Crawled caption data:
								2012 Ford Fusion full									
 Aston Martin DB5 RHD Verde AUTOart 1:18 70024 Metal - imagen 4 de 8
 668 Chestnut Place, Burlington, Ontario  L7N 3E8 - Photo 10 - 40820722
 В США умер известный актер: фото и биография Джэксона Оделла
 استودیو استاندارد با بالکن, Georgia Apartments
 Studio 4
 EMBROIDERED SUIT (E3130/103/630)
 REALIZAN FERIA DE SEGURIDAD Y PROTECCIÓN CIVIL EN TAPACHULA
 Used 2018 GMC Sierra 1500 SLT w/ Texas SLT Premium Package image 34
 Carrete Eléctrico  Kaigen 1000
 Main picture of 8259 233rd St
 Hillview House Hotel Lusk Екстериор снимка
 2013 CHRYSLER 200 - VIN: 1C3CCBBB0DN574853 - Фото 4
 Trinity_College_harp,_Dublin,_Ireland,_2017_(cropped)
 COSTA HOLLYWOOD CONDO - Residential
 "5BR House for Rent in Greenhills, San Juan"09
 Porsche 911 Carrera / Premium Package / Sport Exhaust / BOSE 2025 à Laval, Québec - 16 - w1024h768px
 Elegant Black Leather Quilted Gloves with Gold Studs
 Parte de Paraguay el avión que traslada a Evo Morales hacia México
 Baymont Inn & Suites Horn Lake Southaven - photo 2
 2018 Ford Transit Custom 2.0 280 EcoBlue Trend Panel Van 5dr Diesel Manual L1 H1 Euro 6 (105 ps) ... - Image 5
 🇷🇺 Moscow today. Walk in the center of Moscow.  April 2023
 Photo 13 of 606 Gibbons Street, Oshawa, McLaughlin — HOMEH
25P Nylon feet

WHAT IS BEING ASKED
Copy exactly. The range runs from the line containing "Parte de Paraguay" through the last line of the data.

EXERCISE RESULT
 Parte de Paraguay el avión que traslada a Evo Morales hacia México
 Baymont Inn & Suites Horn Lake Southaven - photo 2
 2018 Ford Transit Custom 2.0 280 EcoBlue Trend Panel Van 5dr Diesel Manual L1 H1 Euro 6 (105 ps) ... - Image 5
 🇷🇺 Moscow today. Walk in the center of Moscow.  April 2023
 Photo 13 of 606 Gibbons Street, Oshawa, McLaughlin — HOMEH
25P Nylon feet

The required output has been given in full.